Beefy Boxes and Bandwidth Generously Provided by pair Networks
Pathologically Eclectic Rubbish Lister
 
PerlMonks  

Native newline encoding

by salva (Canon)
on May 22, 2012 at 15:49 UTC ( [id://971815]=perlquestion: print w/replies, xml ) Need Help??

salva has asked for the wisdom of the Perl Monks concerning the following question:

I am looking for a way to easyly detect the native newline encoding of the OS running my perl script. Besides using a table to infer it from $^O, is there any other way to detect it?

A CPAN module will also do, but searching on CPAN for newline, crlf, carriage return, etc. doesn't show anything interesting.

Replies are listed 'Best First'.
Re: Native newline encoding
by kennethk (Abbot) on May 22, 2012 at 15:58 UTC

    You can use PerlIO::get_layers(STDIN), as discussed in Querying the layers of filehandles in PerlIO. Assuming, of course, that no one played with the layers.

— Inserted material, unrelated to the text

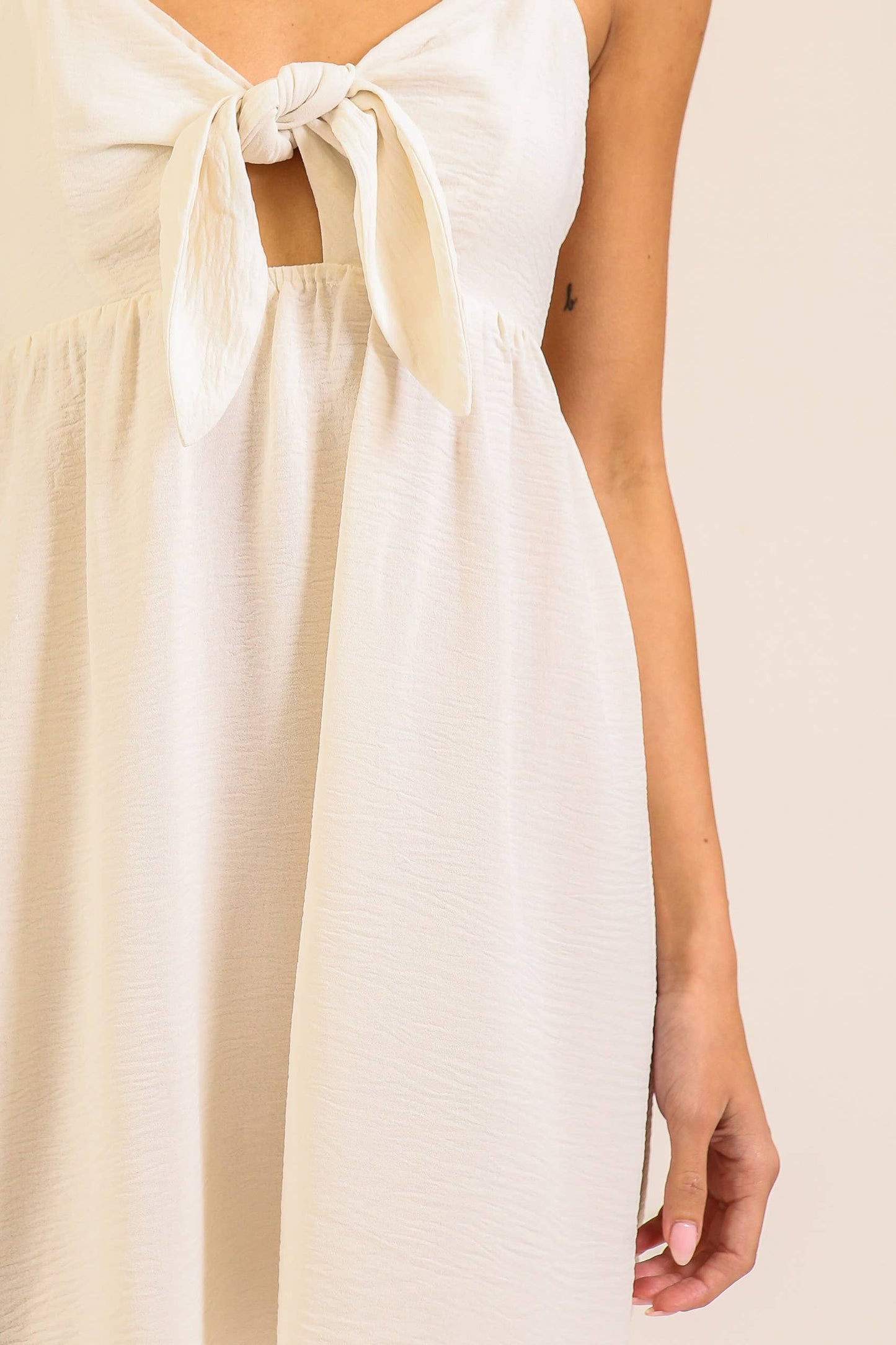 Brunch Tie-Front Cutout Mini Dress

    #11929 First ask yourself `How would I do this without a computer?' Then have the computer do it the same way.

Re: Native newline encoding
by BrowserUk (Patriarch) on May 22, 2012 at 16:49 UTC

    You can detect what Perl think it should output for "\n" on the current platform:

    open O, '>', \$fred;; { local( $/, $\ ); print O "\n";; };; close O;; print unpack 'H*', $fred;; 0a

    Maybe not so useful depending upon your purpose?

    Isn't the whole point of "\n", that by using it, you allow the runtime and OS to figure it out?


    With the rise and rise of 'Social' network sites: 'Computers are making people easier to use everyday'
    Examine what is said, not who speaks -- Silence betokens consent -- Love the truth but pardon error.
    "Science is about questioning the status quo. Questioning authority".
    In the absence of evidence, opinion is indistinguishable from prejudice.

    The start of some sanity?

      I am extending Net::SFTP::Server to implement version 4 of the SFTP protocol. That version supports opening files in TEXT mode (similar to FTP) and there are two ways to do it, first one is to convert the native new-lines to CRLF before sending through the network and the second one is to tell the client what the native newline sequence is and let it handle the burden of the conversion.

      At this point, it seems to me that the simple solution is the first one letting Perl read the file in text mode and then applying s/\n/\r\n/. This may be slightly incorrect in some edge cases (for instance, files on Windows with \n line endings) that nobody would care about so I don't either!

        That version supports opening files in TEXT mode (similar to FTP) and there are two ways to do it, first one is to convert the native new-lines to CRLF before sending through the network and the second one is to tell the client what the native newline sequence is and let it handle the burden of the conversion.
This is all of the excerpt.